§ **Information provided**:
>>>>>

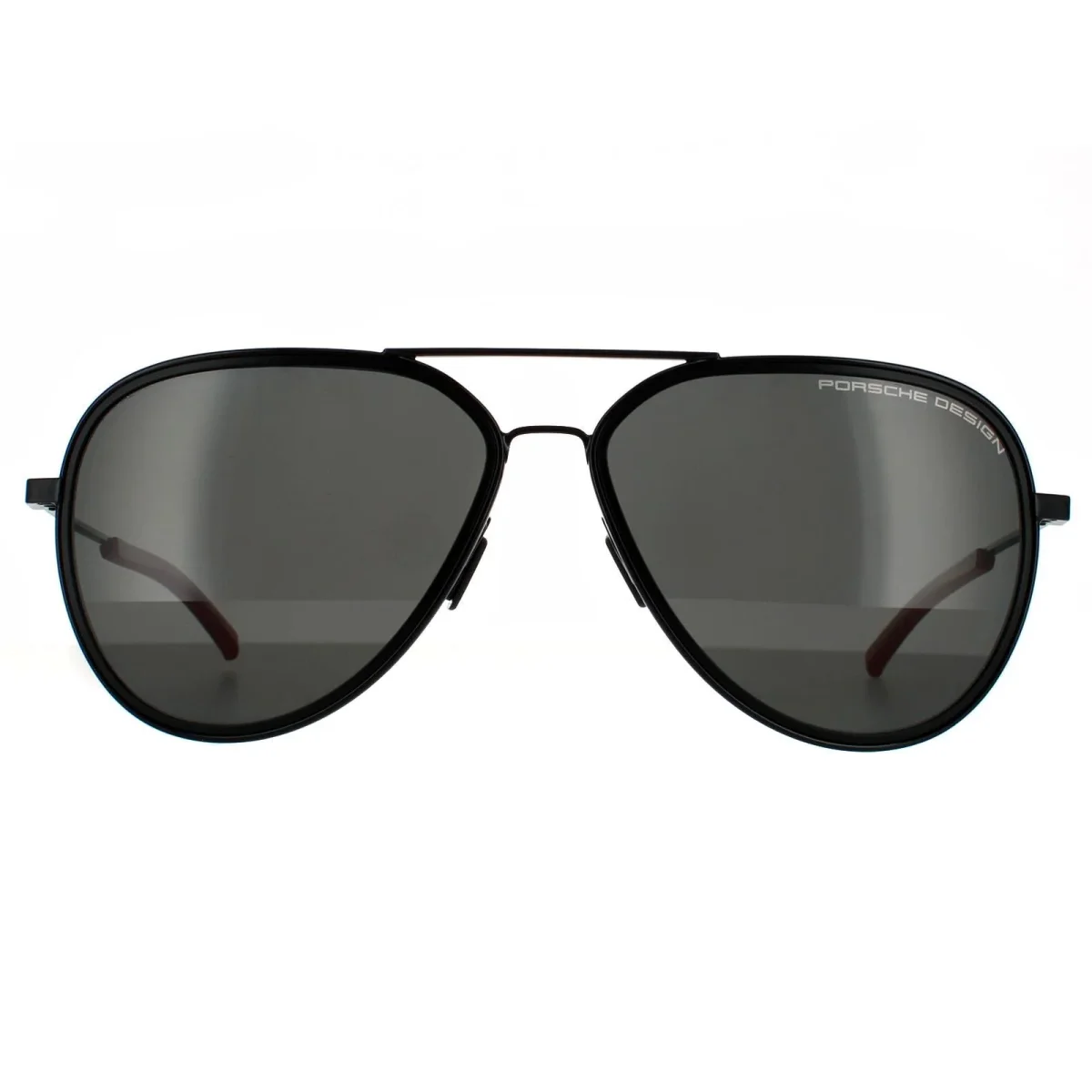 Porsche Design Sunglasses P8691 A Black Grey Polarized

<<<<<
>>>>>

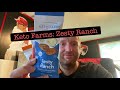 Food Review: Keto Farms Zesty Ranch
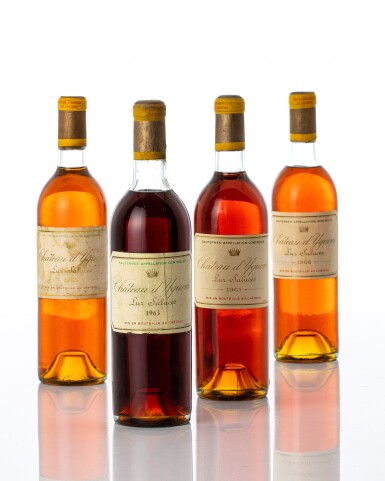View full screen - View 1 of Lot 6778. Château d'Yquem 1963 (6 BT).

<<<<<

§ **What you should do**:
Everything from the line with "Food Review: Keto Farms Zesty Ranch" down to the line with "View full screen" in the data above should be copied exactly, with both end lines kept and the pictures left out.

§ **Worked solution**:
 Food Review: Keto Farms Zesty Ranch
View full screen - View 1 of Lot 6778. Château d'Yquem 1963 (6 BT).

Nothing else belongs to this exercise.